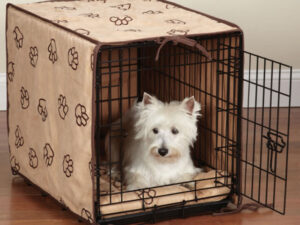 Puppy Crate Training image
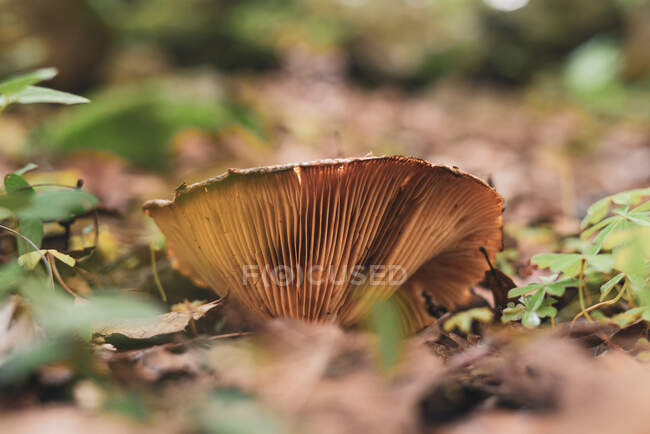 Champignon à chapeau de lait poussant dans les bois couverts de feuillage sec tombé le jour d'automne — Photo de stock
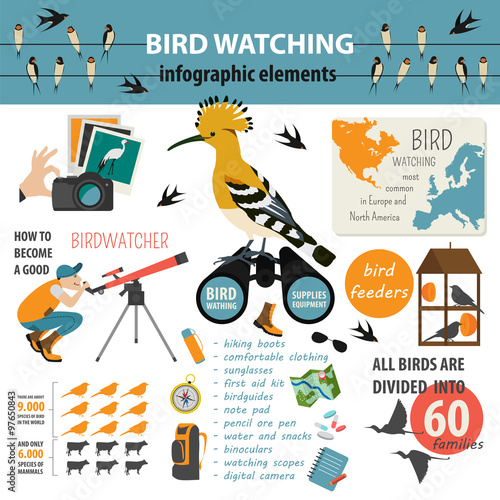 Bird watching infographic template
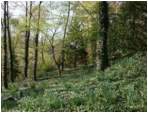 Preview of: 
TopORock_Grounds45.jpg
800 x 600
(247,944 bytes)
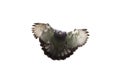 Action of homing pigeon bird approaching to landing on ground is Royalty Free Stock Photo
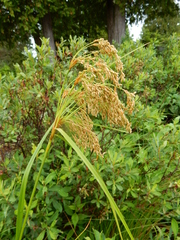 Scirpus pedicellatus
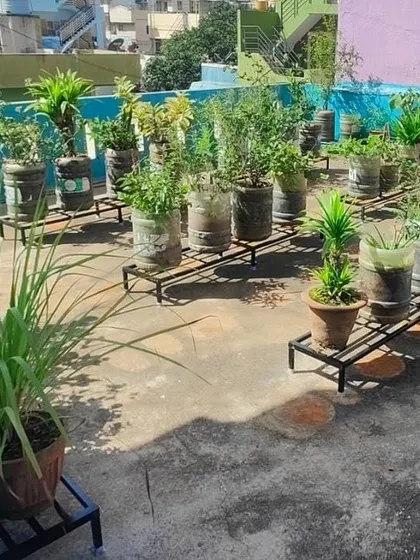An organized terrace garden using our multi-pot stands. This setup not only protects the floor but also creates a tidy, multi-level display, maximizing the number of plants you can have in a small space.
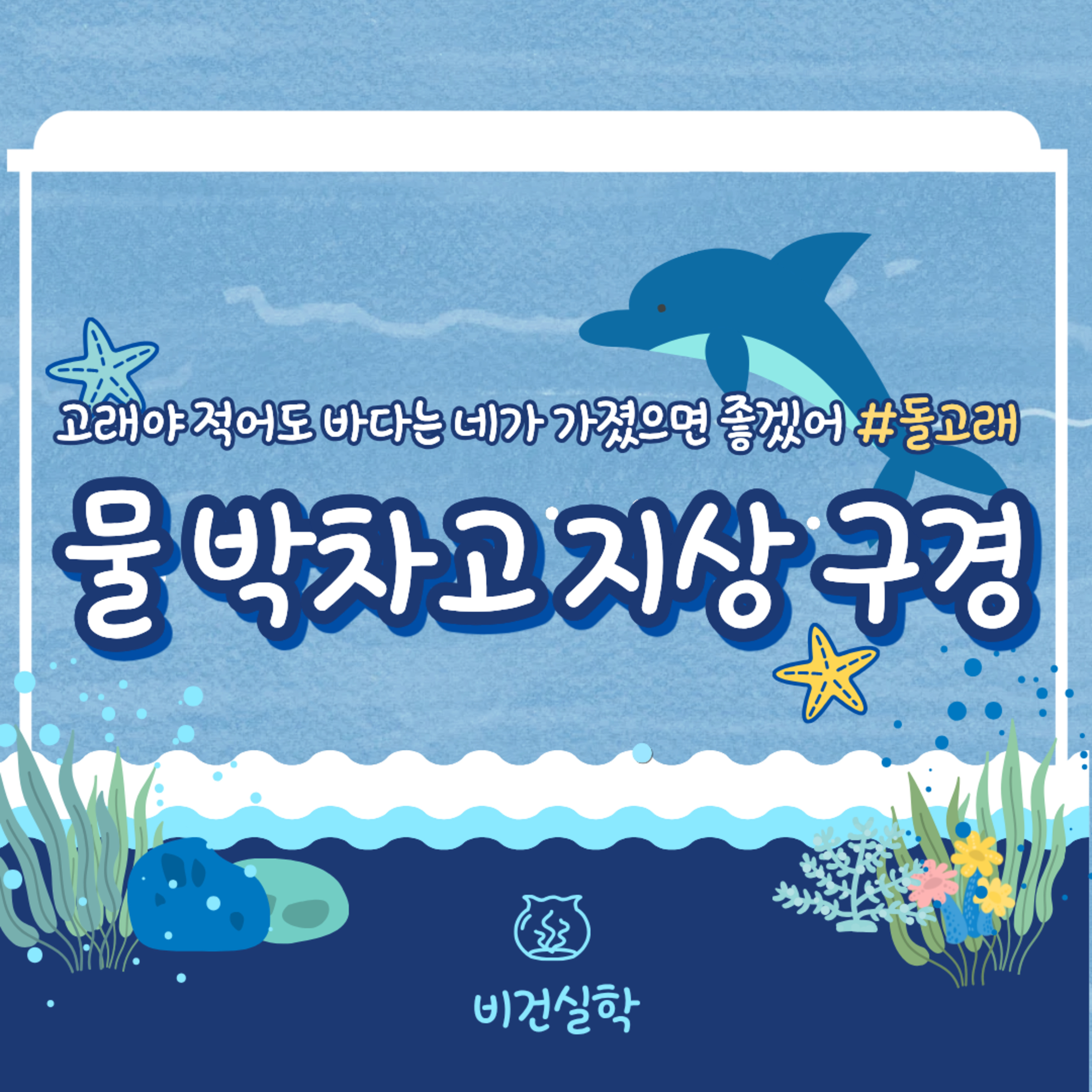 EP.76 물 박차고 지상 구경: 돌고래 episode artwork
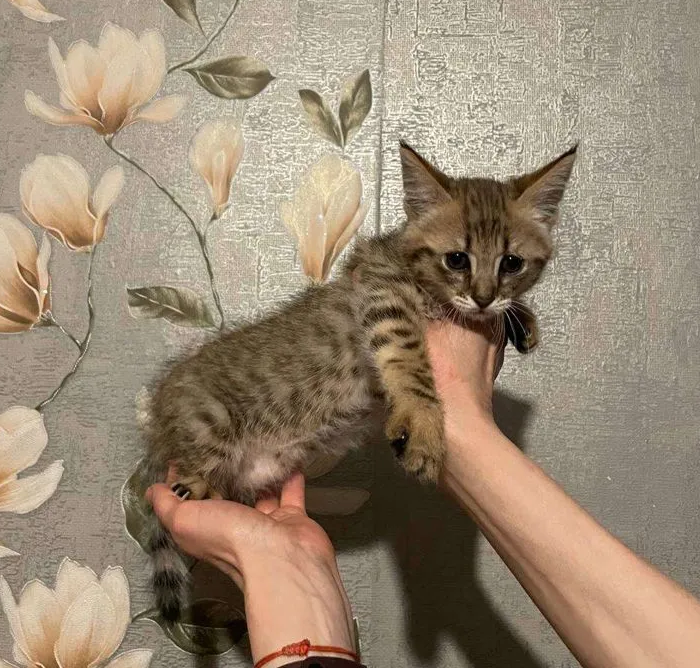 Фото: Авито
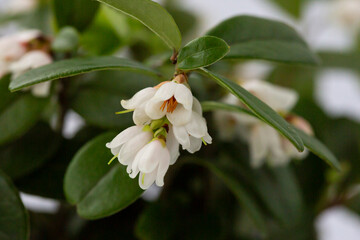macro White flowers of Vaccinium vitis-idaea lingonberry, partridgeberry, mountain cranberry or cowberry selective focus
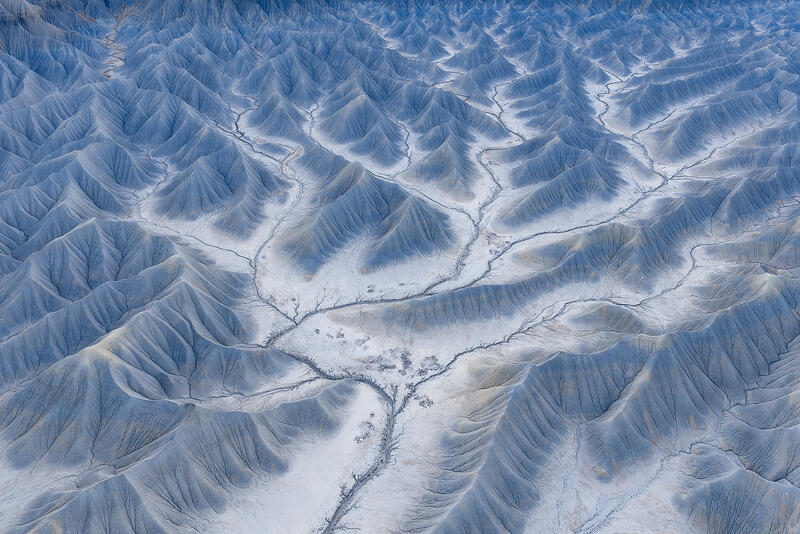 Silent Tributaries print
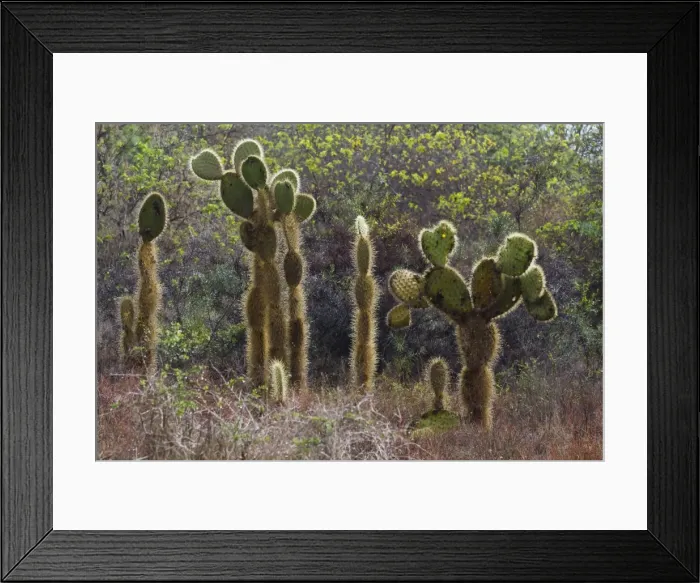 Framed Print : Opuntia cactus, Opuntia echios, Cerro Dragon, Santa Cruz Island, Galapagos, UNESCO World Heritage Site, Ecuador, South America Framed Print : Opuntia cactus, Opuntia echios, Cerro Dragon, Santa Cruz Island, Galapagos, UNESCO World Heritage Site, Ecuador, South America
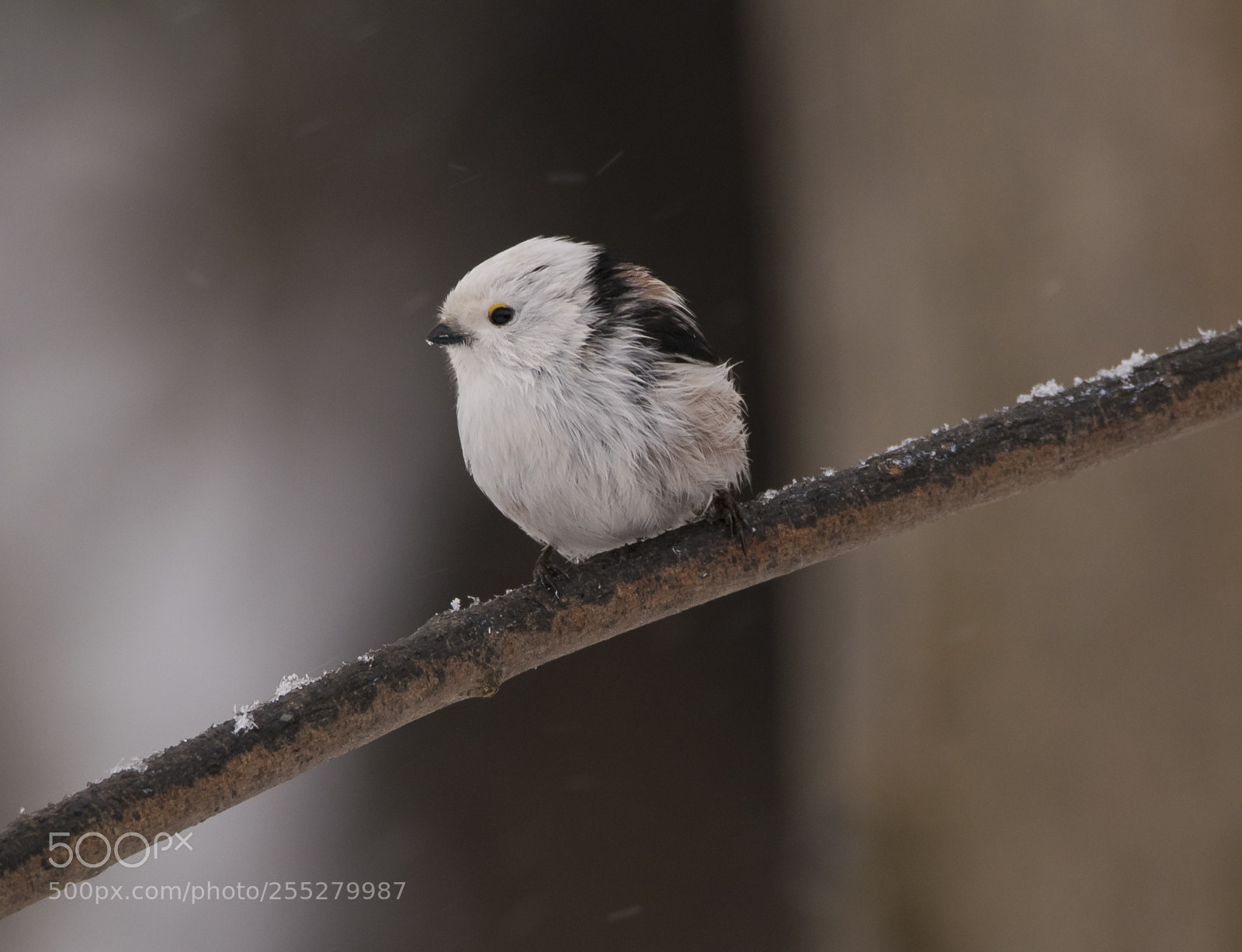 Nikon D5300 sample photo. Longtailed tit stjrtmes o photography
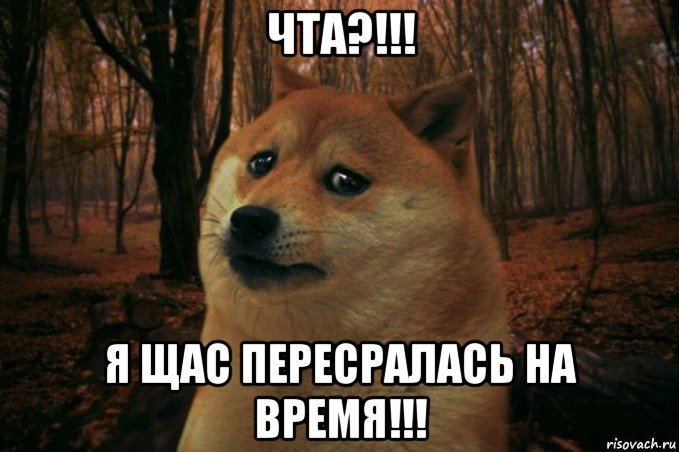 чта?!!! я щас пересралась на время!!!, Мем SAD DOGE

#### Brief
When copying the listing above, begin at its first line and stop after the line with "Scirpus pedicellatus", keeping each line exact and dropping the pictures.

#### Answer area
 Puppy Crate Training image
 Champignon à chapeau de lait poussant dans les bois couverts de feuillage sec tombé le jour d'automne — Photo de stock
 Bird watching infographic template
 Preview of: 
TopORock_Grounds45.jpg
800 x 600
(247,944 bytes)
 Action of homing pigeon bird approaching to landing on ground is Royalty Free Stock Photo
 Scirpus pedicellatus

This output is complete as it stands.